Sally Secardin : C’est une classe très dynamique, avec des élèves curieux et vifs d’esprit. On ne pouvait absolument pas prévoir à l’avance leurs réactions par rapport à l’archéologie. Dès la première séance, certains ont posé des questions très pointues. Quelle est la différence entre l’archéologie funéraire et la profanation de tombes ? Si, au cours d’un diagnostic, on n’étudie que 10% du terrain, est-ce qu’on ne risque pas de passer à côté d’une découverte? Et que se passe-t-il si on construit une maison sur les vestiges archéologiques ? Il y a eu aussi toute une discussion sur la propriété des objets archéologiques et sur le « trésor ». Qu’est-ce que le trésor ? Un bien matériel ou immatériel ? Est-ce que l’archéologie, ce n’est pas une dépense de beaucoup d’argent pour rien ? Et si l’archéologue ne trouve rien, est-ce qu’il est payé ? Il a fallu longuement expliquer que l’archéologue était payé non pour trouver mais pour chercher.

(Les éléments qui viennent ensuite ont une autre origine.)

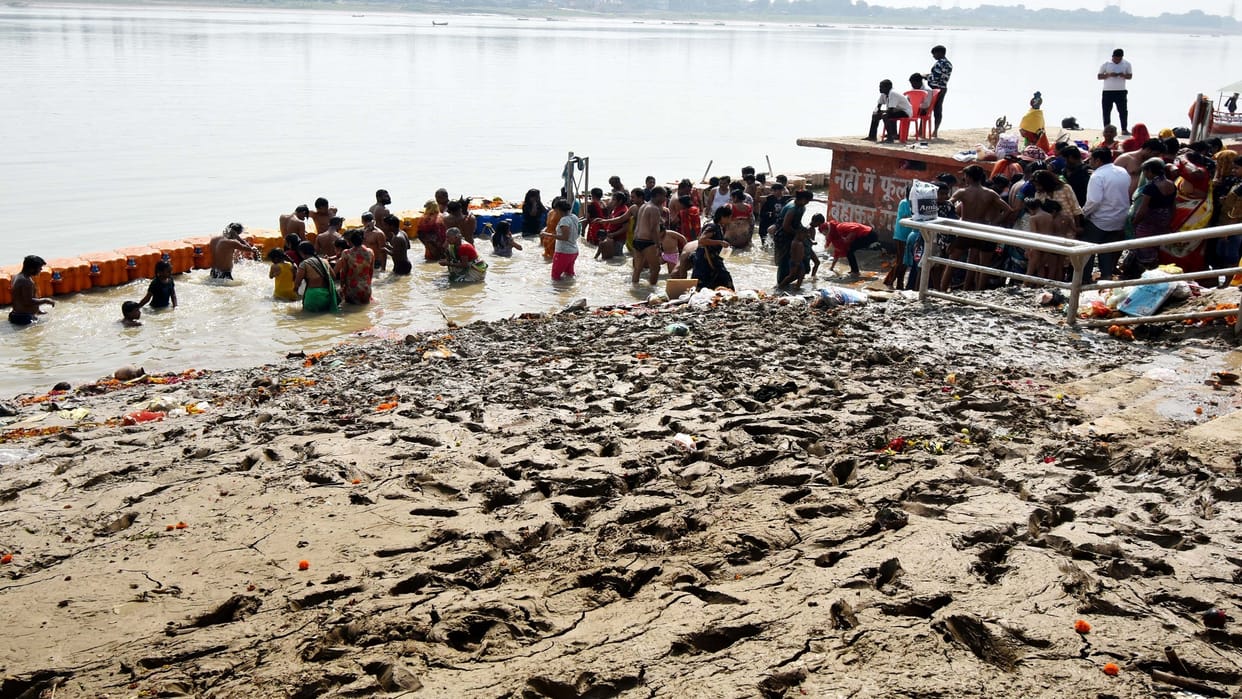 Ganga covered with mud, preparations for worshiping the ghats of Yamuna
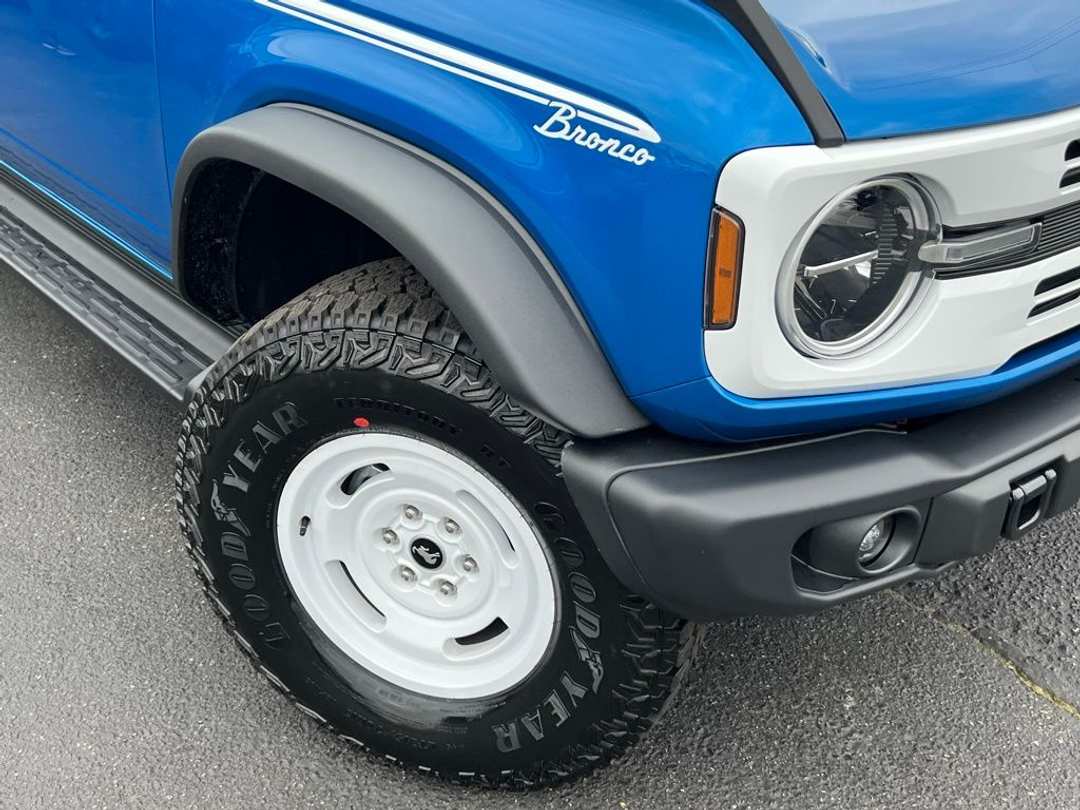 2026 Ford Bronco Heritage Edition - Image 2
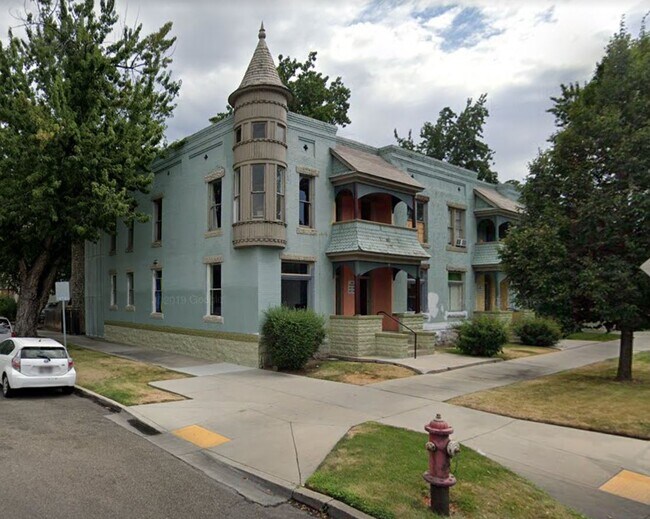 Primary Photo - 1326 W State St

Héloïse Mathat : Nous avons aussi eu des discussions sur l’interprétation, sur le vrai, le faux et la preuve scientifique. Par chance, il y avait une documentation : il était possible de confronter la recherche archéologique des élèves avec un plan de l’usine et des textes du XIXe siècle. Cela a montré aux élèves que l’on ne peut pas se baser uniquement sur de l’écrit, car ces textes ne suffisaient pas. Lors de la dernière séance, en classe, nous avons essayé de leur faire comprendre ce raisonnement en partant d’objets du présent. Pour expliquer la démarche scientifique de l’archéologue, nous avons fait comme si notre civilisation avait disparu et qu’ils étaient des archéologues du futur devant décrire ces objets. C’était très difficile au début et puis les enfants se sont mis à la place de ces archéologues du futur et ont proposé des interprétations sur les fonctions possibles d’objets en faisant abstraction de leur contexte actuel. Et il y a eu un élève qui a demandé : comment est-ce que les archéologues peuvent être sûrs, alors qu’il n’y a pas de certitude complète ? C’était une question assez bluffante et nous avons répondu que c’était justement pour cela que l’on devait étudier beaucoup de données différentes, les confronter, les comparer, les analyser, bref, faire de la recherche archéologique.